■ Stored data entries:
==*==

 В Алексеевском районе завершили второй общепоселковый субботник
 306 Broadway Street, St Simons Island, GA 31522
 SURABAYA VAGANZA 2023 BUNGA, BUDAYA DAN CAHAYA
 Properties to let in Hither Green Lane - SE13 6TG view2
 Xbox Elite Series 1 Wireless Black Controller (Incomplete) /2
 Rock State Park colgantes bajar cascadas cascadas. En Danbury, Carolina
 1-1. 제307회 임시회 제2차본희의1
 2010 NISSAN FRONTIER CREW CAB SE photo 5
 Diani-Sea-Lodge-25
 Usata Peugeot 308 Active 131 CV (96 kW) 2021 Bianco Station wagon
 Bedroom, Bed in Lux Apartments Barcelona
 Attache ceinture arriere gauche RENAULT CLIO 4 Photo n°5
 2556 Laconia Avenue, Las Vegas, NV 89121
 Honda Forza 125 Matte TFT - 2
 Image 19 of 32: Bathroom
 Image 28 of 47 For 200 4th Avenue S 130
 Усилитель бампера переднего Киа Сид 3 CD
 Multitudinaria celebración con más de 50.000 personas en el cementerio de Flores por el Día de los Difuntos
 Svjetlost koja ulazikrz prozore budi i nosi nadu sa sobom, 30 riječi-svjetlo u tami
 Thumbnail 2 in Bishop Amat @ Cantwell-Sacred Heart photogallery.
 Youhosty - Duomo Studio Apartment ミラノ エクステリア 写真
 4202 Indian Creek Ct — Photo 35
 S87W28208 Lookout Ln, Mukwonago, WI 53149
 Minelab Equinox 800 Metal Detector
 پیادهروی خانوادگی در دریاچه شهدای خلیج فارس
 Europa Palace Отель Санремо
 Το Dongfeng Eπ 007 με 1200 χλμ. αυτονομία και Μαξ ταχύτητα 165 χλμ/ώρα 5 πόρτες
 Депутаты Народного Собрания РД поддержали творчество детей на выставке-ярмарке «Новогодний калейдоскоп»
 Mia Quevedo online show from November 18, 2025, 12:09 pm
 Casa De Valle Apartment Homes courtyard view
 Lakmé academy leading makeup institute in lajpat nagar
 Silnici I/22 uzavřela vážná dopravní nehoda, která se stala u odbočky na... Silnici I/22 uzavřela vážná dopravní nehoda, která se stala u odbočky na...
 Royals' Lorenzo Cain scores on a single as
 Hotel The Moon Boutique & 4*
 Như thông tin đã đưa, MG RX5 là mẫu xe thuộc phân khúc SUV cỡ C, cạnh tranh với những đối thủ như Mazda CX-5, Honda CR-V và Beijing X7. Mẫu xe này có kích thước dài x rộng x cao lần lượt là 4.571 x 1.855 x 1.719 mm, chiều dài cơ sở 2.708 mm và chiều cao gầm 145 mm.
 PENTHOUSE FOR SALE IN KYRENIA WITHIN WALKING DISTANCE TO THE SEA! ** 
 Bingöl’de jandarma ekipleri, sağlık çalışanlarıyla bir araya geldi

==*==

■ Task description: What you copy out must be exactly the lines from the line containing "S87W28208 Lookout Ln, Mukwonago, WI 53149" through the end of the records.

■ Task answer:
 S87W28208 Lookout Ln, Mukwonago, WI 53149
 Minelab Equinox 800 Metal Detector
 پیادهروی خانوادگی در دریاچه شهدای خلیج فارس
 Europa Palace Отель Санремо
 Το Dongfeng Eπ 007 με 1200 χλμ. αυτονομία και Μαξ ταχύτητα 165 χλμ/ώρα 5 πόρτες
 Депутаты Народного Собрания РД поддержали творчество детей на выставке-ярмарке «Новогодний калейдоскоп»
 Mia Quevedo online show from November 18, 2025, 12:09 pm
 Casa De Valle Apartment Homes courtyard view
 Lakmé academy leading makeup institute in lajpat nagar
 Silnici I/22 uzavřela vážná dopravní nehoda, která se stala u odbočky na... Silnici I/22 uzavřela vážná dopravní nehoda, která se stala u odbočky na...
 Royals' Lorenzo Cain scores on a single as
 Hotel The Moon Boutique & 4*
 Như thông tin đã đưa, MG RX5 là mẫu xe thuộc phân khúc SUV cỡ C, cạnh tranh với những đối thủ như Mazda CX-5, Honda CR-V và Beijing X7. Mẫu xe này có kích thước dài x rộng x cao lần lượt là 4.571 x 1.855 x 1.719 mm, chiều dài cơ sở 2.708 mm và chiều cao gầm 145 mm.
 PENTHOUSE FOR SALE IN KYRENIA WITHIN WALKING DISTANCE TO THE SEA! ** 
 Bingöl’de jandarma ekipleri, sağlık çalışanlarıyla bir araya geldi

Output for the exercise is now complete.